Dilated cardiomyopathy, a heart muscle disease leading to dilation and
impaired contraction of the left ventricle, is a severe and often familial
disease. It is difficult to diagnose the disease with cardiac ultrasound,
particularly at an early stage when there are only minimal, early changes of
the heart. VTT Technical Research Centre of Finland has developed a method
based on cardiac MRI, currently in research use, to help the physician to
identify disease-related changes of the heart at an early stage.
In dilated cardiomyopathy, the heart dilates and impaired contraction of the
left ventricle leads to heart failure. The disease may be suspected based on
symptoms and an enlarged cardiac shadow revealed in a chest x-ray, for
example. The diagnosis is typically verified by cardiac ultrasound
examination. At an early stage, minimal changes of the heart are difficult to
observe with ultrasound because their distinction from normal variation can
challenge even an experienced cardiologist.

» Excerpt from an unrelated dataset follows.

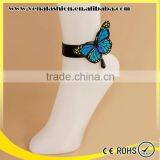 Good Quality Gothic Fancy Butterfly Anklet thumbnail-2
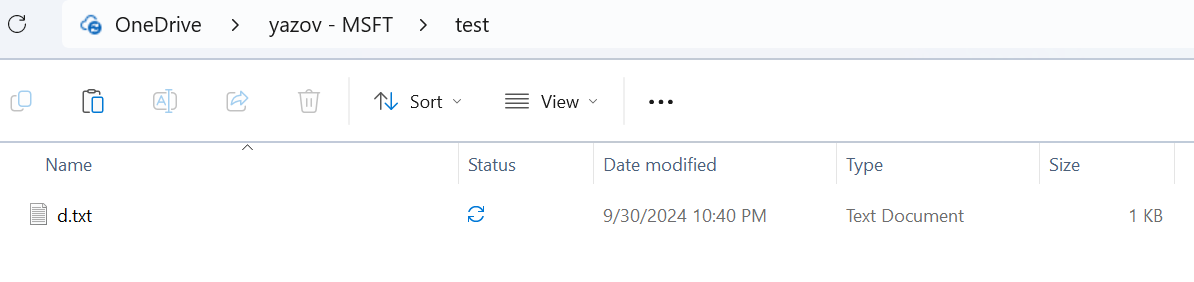 d.txt for onedrive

The method developed during VTT's co-operation project utilises database data
on variations in cardiac muscle measured with MRI scans taken from different
projections. Cardiac MRIs of the patient are compared with database data on
normal variation in healthy hearts, and with disease-related variation in
healthy and sick hearts. This corresponds to the knowledge of an experienced
physician on the appearance of cardiac MRI images and their deviations. With
the help of this method developed by VTT, the essential information for
diagnosis is easily available for all physicians regardless of their
experience in interpreting cardiac MRIs.
Measurement values have been identified with the help of MRI to enable
diagnosis at a very early stage of the disease. The key issue of the method is
to develop a new visualisation technique, which enables presentation of
essential information from a very large measurement set in an easily
interpretable form. In addition, this research has developed a disease index
representing the severity of disease, which offers a simple method for
monitoring the disease and its treatment, for example.
The developed methods will be first applied, in a research context, to
research and analysis of changes produced by various diseases and disease
mechanisms. Later the goal is to provide a method for clinical use to assist
physicians in diagnosing. The research will be explored further by applying
the methods in the research of other heart and brain diseases. In addition to
imaging data, the analysis method will include cell metabolism data acquired
from blood samples, for example.
Information on dilated cardiomyopathy
Dilated cardiomyopathy is a severe heart disease, which causes dilation of the
myocardium and is familial in as many as one third of cases. Because of this,
it is recommended that the first-degree family members of the patient, even
those with no symptoms, be examined to identify potential evidence of
incipient disease. To organise monitoring and treatment, it is vital to
identify as reliably as possible all of those, including the symptomless, who
will later be at risk of developing the disease. In some cases, those at risk
of developing the disease can be identified with DNA analysis.
A diseased myocardium can not be healed but the symptoms can be greatly
alleviated with heart failure medication. Incidence of the disease in the
adult population is approximately 36.5/100,000 and markedly lower among
children. In Finland, dilated cardiomyopathy is the leading cause for heart
transplantation and causes a considerable amount of morbidity and premature
mortality among the working population.
Partners of the research are VTT Technical Research Centre of Finland, the
Hospital District of Helsinki and Uusimaa (HUS), the Kuopio University
Hospital (KYS) and the University of Kuopio.